This was more boring in comparison to previous section, probably because it required writing less code, and just writing more explanations. Writing is thinking, so I tried to do that. Or maybe it was boring because sets are not as exciting as symbolic differentiation. At least when you have high level language.

Exercise 2.59

(define (element-of-set? x set)
  (cond ((null? set) false)
        ((equal? x (car set)) true)
        (else (element-of-set? x (cdr set)))))

(define (adjoin-set x set)
  (if (element-of-set? x set)
      set
      (cons x set)))

(define (union-set set1 set2)
  (fold-left
    (lambda (union next) (adjoin-set next union))
    set1
    set2
  )
)

Exercise 2.60

(define (element-of-set? x set)
  (cond ((null? set) false)
        ((equal? x (car set)) true)
        (else (element-of-set? x (cdr set)))))

O(n), as unique one, but here list could be way longer, so less performant.

(define (adjoin-set x set)
  (cons x set)
)

O(1), lot better than unique one ( O(n)), because we not checking uniqueness.

(define (union-set set1 set2)
  (append set1 set2)
)

Append has complexity O(n) = O(len(set1)) if I'm not mistaken. O(n), better than O(n2).

(define (intersection-set set1 set2)
  (cond ((or (null? set1) (null? set2)) '())
        ((element-of-set? (car set1) set2)        
         (cons (car set1)
               (intersection-set (cdr set1) set2)))
        (else (intersection-set (cdr set1) set2))))

Intersection has same implementation and as a result same asymptotic complexity O(n2), but we expect n to be a lot larger.

So, this approach would suit applications where we will do a lot of adjoins and unions, and not much checking for element or intersections.

Exercise 2.61

(define (adjoin-set x set)
  (cond ((or (null? set) (< x (car set))) (cons x set))
        ((= x (car set)) set)
        (else (cons (car set) (adjoin-set x (cdr set))))))

(adjoin-set 0 (list 1 3))
(adjoin-set 1 (list 1 3))
(adjoin-set 2 (list 1 3))
(adjoin-set 4 (list 1 3))

Exercise 2.62

(define (union-set set1 set2)
    (cond
        ((null? set1) set2)
        ((null? set2) set1)
        ((< (car set1) (car set2)) (cons (car set1) (union-set (cdr set1) set2)))
        (else (cons (car set2) (union-set set1 (cdr set2))))
    )
)
(union-set (list 1 2) (list 3 4))
(union-set (list 2 3) (list 1 4))

Exercise 2.63

a. Yes, they give same results by traversing tree from left to right.

b. One without append is better. For the second one copy-to-list is called for right subtree first, and then process conses current tree entry to result, then copy-to-list is called recursively to cons left subtree to the resulting list.

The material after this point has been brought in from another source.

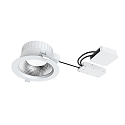 Plafonnier encastr� FILA DALI FR 90� � 172MM rond, rigide, contr�lable par DALI, commutable IP54, blanc mat 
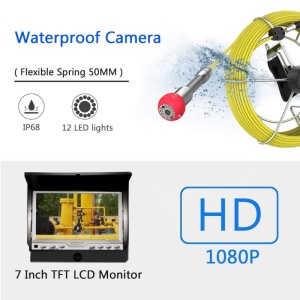 Camera Inspectie tevi, 20m, iUni ICT18, Monitor 7 inch - Img 2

In case with append, we compute tree->list1 for both subtrees simultaniously, then iterate over result for left subtree inside append. Append takes O(n) time, where n is length of left argument. It is processing half of nodes in each level in the tree, which is approximately O(n log(n)).

Exercise 2.64

(define (list->tree elements)
  (car (partial-tree elements (length elements))))

(define (partial-tree elts n)
  (if (= n 0)
      (cons '() elts)
      (let ((left-size (quotient (- n 1) 2)))
        (let ((left-result (partial-tree elts left-size)))
          (let ((left-tree (car left-result))
                (non-left-elts (cdr left-result))
                (right-size (- n (+ left-size 1))))
            (let ((this-entry (car non-left-elts))
                  (right-result (partial-tree (cdr non-left-elts)
                                              right-size)))
              (let ((right-tree (car right-result))
                    (remaining-elts (cdr right-result)))
                (cons (make-tree this-entry left-tree right-tree)
                      remaining-elts))))))))

partial-tree takes as arguments elts - list of elements, and integer n and returns pair whose car is balanced tree containing the first n elements of the list and cdr is the list of elements not included in the tree.

If we need to construct tree with 0 elements, we just return empty tree and list provided to us. Otherwise, we will have tree with one element in root, and subtrees. Size of subtrees will be (n-1) / 2 (remaining amount of elements appriximately equally split for each subtree). First we build left subtree and obtain remaining elements. First of the remaining elements goes into root of our tree, the rest - to building right subtree. After we have both subtrees attached to tree with root element, we return it, and what was left in list of elements from building right subtree.

So, when we have list (1 3 5 7 9 11), we will have following tree:

(5
    (1
        ()
        (3 () ())
    )
    (9
        (7 () ())
        (11 () ())
    )
)

b. What is the order of growth in the number of steps required by list->tree to convert a list of n elements?

partial-tree is called once for n = 0. For n > 0, it is called X(n), where X(n) = 2 + X( (n-1) / 2) + X(n - 1 - (n-1)/2 = (n-1)/2) => X(n) = 2 + X((n-1)/2). If X is identity function - equation is true, so X(n) = n. Order of growth is linear.

Exercise 2.65

Finally coding and not writing essays. I'm bad at essays (probably need another textbook on this topic, but how to test myself?)

I imagine we convert both trees to ordered lists, then use operations on ordered lists described in previous section, then convert back to trees. All of this operations take O(n).

(define (union-set s1 s2)
  (list->tree (list-union-set (tree->list2 s1) (tree->list2)))
)

Same for intersection, just call different function. I'm even not going to test this code, as it will be more effort than writing it.

Exercise 2.66

(define (lookup given-key set-of-records)
  (cond ((null? set-of-records) false)
        ((= given-key (key (entry set-of-records)))
         (entry set-of-records))
        ((< given-key (key (entry set-of-records)))
         (lookup (left-branch set-of-records)))
        (else
         (lookup (right-branch set-of-records)))))